Research looks at ways to minimize effects of biofouling in marine renewables

21 February 2018

The International Centre of Island Technology (ICIT) and the European Marine Energy Centre (EMEC) are working together on a year-long project to research practical strategies to minimize the impacts of biofouling for the marine renewable energy (MRE) industry. 

Biofouling, the settlement and growth of organisms on submerged structures, is a major issue for the MRE industry. The presence of biofouling can decrease the efficiency of energy generation and lead to corrosion which can reduce the survivability of technologies.

Funded by NERC Knowledge Exchange Fellowship, the ‘Biofouling in Renewable Energy Environments – Marine’ (BioFREE) project will focus on developing a knowledge network of biofouling experts to work closely with marine energy test sites and technology developers to gather data, share experiences, and formulate expertise on addressing biofouling impacts.

The aim of BioFREE is to increase energy efficiency and device reliability within the MRE industry by identifying, assessing and managing fouling organisms located in varying habitats with contrasting organisms and seasons.

The BioFREE project will also identify and promote the positive impacts that the MRE industry can have on the marine environment by exploring mooring systems designed to enhance habitats for certain species.

The field research will be carried out at EMEC’s wave and tidal energy test sites in partnership with other test centres in North and South America, Asia, and Europe, where various arrays of panels populated with anti-fouling coatings will be deployed to develop a standard operating procedure for MRE biofouling monitoring. The Marine Energy Research and Innovation Centre (MERIC) in Chile and The Northwest National Marine Renewable Energy Centre in Oregon are among the research centres that are involved.

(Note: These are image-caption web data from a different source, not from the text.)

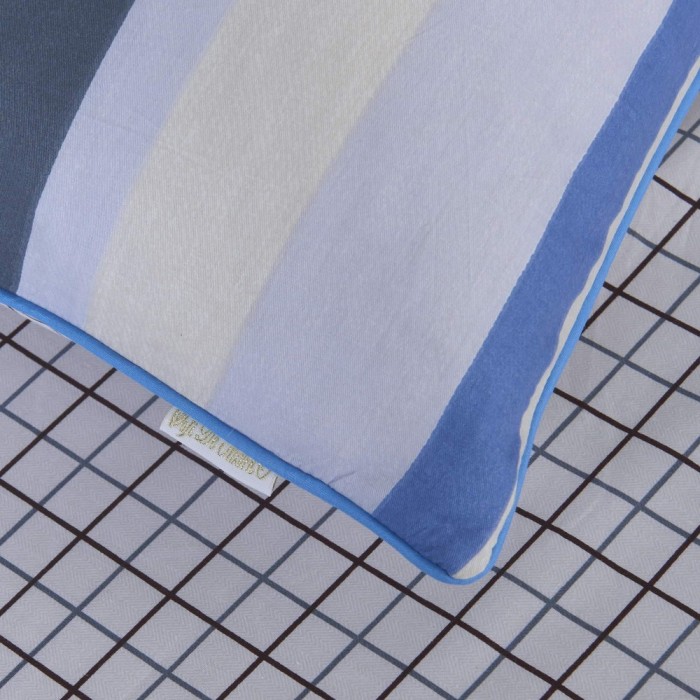 Луиджи Комплект постельного белья сатин Евро 4н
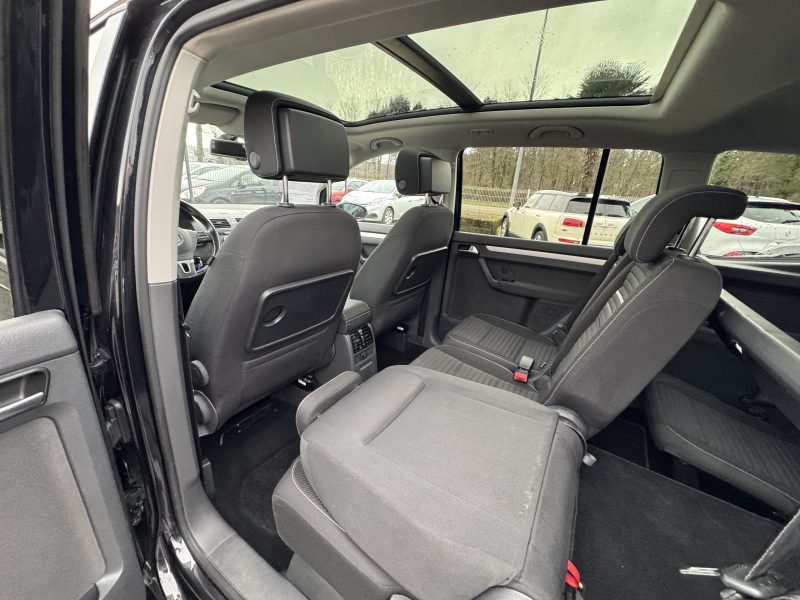 VOLKSWAGEN TOURAN 1.6 TDI 105CV CUP 7 PLACES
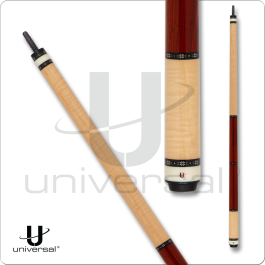Universal UNNA07 Natura Series Cue - 12.4mm NOVA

 “The location of our campus in Orkney and our close working relationship with EMEC will provide maximum opportunities for our scientists to work closely together with developers to improve the knowledge regarding settlement of target fouling organisms. This knowledge will help develop enhanced antifouling solutions for the sector,” commented Joanne Porter, Associate Professor Marine Biology, ICIT. “ICIT and EMEC are keen to build the BioFREE network of partners, and urge interested parties to get in touch.”